PTC Therapeutics Announces $25 Million Award From Cystic Fibrosis Foundation Therapeutics for Development of PTC124

- Expanded Collaboration Supports Pivotal Phase 2b Clinical Trials of First

   Potential Therapy to Address an Underlying Cause of Cystic Fibrosis -



    SOUTH PLAINFIELD, N.J. and BETHESDA, Md., July 16 /EMWNews/ -- PTC

Therapeutics, Inc. (PTC) and Cystic Fibrosis Foundation Therapeutics, Inc.

(CFFT), the nonprofit affiliate of the Cystic Fibrosis Foundation, today

announced the expansion of an existing collaboration to support development

of PTC124, the PTC's new investigational oral drug for the treatment of

cystic fibrosis (CF) caused by nonsense mutations. PTC will receive up to

$25 million from CFFT in support of key Phase 2b clinical trials for PTC124

in CF.



    



    "We are pleased to expand our collaboration with PTC Therapeutics on

the development of the therapy PTC124," said Robert J. Beall, Ph.D.,

president and CEO of the Cystic Fibrosis Foundation. "The encouraging data

from the Phase 2a studies indicate that PTC may become a very important

drug for the treatment of CF in the 10 percent of patients who carry

nonsense mutations. These exciting results lead us to believe PTC124 has

the potential to be one of the first oral drugs on the market to address

the basic defect in cystic fibrosis."



    "We are honored both to receive this award and to continue our

productive collaboration with the Foundation," stated Stuart W. Peltz,

Ph.D., president and chief executive officer of PTC Therapeutics. "The

significant progress that we have made with PTC124 is a result of our

unique drug discovery approach as well as the extraordinary support that we

have received from the physician, patient, advocacy and regulatory

communities. We look forward to initiating registration-directed studies of

PTC124 for nonsense-mutation- mediated CF within the next few months."



    In June 2008, PTC announced encouraging new data from recently

completed Phase 2a studies in adult and pediatric CF patients at the

European Cystic Fibrosis Conference. Results from these studies

demonstrated statistically significant improvements in the primary outcome

measure-nasal potential difference (NPD)-across a variety of age ranges,

geographies, and nonsense mutation types. In the three-month, Phase 2a

extension study of adult patients, results demonstrated a statistically

significant mean decrease [28 percent] in the frequency of cough, one of

the most prominent and burdensome CF-related symptoms.

    About Cystic Fibrosis



    Cystic fibrosis (CF) is a life-threatening genetic disease that causes

serious lung infections and digestive complications. According to the

Cystic Fibrosis Foundation, CF affects approximately 30,000 adults and

children in the United States and nearly 70,000 people worldwide. CF occurs

in approximately one of every 3,500 live births, with approximately 1,000

new cases diagnosed each year in the United States. There is a commercially

available genetic test to determine if a patient's CF is caused by a

nonsense mutation, and it is estimated that nonsense mutations are the

cause of CF in approximately 10 percent of patients in the United States.

There is currently no available therapy to correct defective CFTR

production and function.
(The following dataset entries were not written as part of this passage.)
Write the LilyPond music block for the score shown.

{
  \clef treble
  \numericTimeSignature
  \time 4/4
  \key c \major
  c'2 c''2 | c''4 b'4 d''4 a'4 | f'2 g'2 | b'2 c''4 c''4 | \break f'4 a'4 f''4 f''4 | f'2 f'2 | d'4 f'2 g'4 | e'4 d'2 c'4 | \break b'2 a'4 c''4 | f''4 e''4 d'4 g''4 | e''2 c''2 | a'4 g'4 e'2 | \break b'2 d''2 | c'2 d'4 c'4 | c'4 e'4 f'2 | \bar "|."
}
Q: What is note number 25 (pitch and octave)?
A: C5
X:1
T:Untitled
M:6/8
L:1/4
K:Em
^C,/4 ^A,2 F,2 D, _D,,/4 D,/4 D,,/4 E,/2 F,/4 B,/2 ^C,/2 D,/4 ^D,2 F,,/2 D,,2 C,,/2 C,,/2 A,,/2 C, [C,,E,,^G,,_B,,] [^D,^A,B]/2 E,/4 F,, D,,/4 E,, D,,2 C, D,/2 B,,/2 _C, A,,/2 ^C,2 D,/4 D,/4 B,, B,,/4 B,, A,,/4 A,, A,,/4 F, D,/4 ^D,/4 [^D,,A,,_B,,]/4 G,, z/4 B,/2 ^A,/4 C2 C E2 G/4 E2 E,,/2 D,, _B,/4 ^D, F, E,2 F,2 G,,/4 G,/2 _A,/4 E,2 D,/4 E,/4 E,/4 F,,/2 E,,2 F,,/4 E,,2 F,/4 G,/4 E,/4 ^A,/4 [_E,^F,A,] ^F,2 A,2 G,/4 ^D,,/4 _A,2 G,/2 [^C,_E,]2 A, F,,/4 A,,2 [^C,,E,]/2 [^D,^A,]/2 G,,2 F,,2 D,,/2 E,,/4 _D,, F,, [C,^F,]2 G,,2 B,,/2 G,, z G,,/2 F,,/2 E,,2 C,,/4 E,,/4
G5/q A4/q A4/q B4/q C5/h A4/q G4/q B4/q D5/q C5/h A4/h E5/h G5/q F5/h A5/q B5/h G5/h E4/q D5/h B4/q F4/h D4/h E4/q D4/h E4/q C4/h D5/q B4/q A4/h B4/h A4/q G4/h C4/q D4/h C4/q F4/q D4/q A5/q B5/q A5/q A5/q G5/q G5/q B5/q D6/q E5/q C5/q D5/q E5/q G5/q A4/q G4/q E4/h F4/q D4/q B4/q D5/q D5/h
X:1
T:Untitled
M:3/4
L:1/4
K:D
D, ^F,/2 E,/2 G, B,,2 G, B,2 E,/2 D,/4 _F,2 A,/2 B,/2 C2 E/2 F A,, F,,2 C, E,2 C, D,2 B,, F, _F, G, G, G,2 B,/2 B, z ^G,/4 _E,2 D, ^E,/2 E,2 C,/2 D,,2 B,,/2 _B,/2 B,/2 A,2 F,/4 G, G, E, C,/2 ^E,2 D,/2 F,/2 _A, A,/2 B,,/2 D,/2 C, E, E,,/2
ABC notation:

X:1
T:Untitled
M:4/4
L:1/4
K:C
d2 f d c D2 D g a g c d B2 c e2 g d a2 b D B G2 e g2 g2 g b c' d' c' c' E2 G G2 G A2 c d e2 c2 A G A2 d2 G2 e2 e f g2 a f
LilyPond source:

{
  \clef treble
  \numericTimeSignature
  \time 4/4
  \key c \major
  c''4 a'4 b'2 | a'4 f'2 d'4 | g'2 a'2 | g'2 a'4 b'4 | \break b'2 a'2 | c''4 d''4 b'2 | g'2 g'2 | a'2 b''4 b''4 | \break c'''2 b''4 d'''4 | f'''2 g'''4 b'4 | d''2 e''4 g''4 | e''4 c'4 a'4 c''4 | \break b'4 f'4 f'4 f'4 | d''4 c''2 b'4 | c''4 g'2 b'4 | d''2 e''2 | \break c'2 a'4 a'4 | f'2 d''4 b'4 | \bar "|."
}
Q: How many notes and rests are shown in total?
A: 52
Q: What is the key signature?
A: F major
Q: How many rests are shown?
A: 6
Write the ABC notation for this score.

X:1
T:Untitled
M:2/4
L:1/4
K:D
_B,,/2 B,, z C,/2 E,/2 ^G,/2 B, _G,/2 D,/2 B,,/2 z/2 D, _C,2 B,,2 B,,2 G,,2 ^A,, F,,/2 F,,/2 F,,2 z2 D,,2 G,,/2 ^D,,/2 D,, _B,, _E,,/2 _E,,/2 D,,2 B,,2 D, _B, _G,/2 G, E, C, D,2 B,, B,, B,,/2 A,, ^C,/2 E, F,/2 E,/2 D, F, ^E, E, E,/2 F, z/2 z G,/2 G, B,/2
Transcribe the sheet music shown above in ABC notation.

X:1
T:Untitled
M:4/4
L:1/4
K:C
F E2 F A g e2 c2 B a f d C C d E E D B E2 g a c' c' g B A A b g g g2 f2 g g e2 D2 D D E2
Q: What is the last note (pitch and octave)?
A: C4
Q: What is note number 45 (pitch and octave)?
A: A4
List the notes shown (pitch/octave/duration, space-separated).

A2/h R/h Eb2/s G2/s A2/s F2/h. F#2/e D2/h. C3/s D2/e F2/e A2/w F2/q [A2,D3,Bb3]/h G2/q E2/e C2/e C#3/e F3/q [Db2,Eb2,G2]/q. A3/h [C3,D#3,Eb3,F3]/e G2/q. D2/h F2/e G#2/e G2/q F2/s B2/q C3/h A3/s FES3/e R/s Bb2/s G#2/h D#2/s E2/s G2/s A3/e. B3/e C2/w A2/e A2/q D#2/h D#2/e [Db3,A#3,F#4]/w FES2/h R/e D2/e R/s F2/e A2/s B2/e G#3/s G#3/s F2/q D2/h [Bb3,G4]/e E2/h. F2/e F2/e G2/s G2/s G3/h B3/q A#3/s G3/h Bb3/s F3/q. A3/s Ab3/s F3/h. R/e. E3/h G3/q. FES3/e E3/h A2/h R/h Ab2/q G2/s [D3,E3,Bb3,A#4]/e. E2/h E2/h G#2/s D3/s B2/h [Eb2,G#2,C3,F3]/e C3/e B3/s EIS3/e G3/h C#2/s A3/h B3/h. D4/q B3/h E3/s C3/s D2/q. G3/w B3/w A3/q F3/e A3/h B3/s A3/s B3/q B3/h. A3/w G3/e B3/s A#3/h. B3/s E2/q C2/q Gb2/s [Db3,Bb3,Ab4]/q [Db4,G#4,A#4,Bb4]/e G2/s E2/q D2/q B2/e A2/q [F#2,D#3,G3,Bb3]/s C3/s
Instead, available treatments for CF are designed

to alleviate the symptoms of the disease. These treatments include chest

physical therapy to clear the thick mucus from the lungs, antibiotics to

treat lung infections and a mucus-thinning drug designed to reduce the

number of lung infections and improve lung function. In addition, the

majority of CF patients take pancreatic enzyme supplements to assist with

food absorption in digestion. There is a significant unmet medical need for

treatments for the underlying cause of CF. More information regarding CF is

available through the Cystic Fibrosis Foundation ( http://www.cff.org ).



    About PTC124



    PTC124 is an orally delivered investigational new drug for the

treatment of genetic disorders due to nonsense mutations. Nonsense

mutations are single-point alterations in the genetic code that prematurely

stop the translation process, preventing production of a functional

protein. In Phase 2a clinical trials in nonsense-mutation-mediated cystic

fibrosis (CF) and Duchenne muscular dystrophy (DMD), PTC124 has

demonstrated the ability to produce protein across a variety of nonsense

mutation types. Across all clinical studies to date, PTC124 has been

generally well tolerated and has achieved target plasma concentrations that

have been associated with activity in preclinical models. PTC124 is

currently in Phase 2b development in DMD with the goal of demonstrating

that increasing functional protein levels in patients with

nonsense-mutation-mediated genetic disorders may provide clinical benefits.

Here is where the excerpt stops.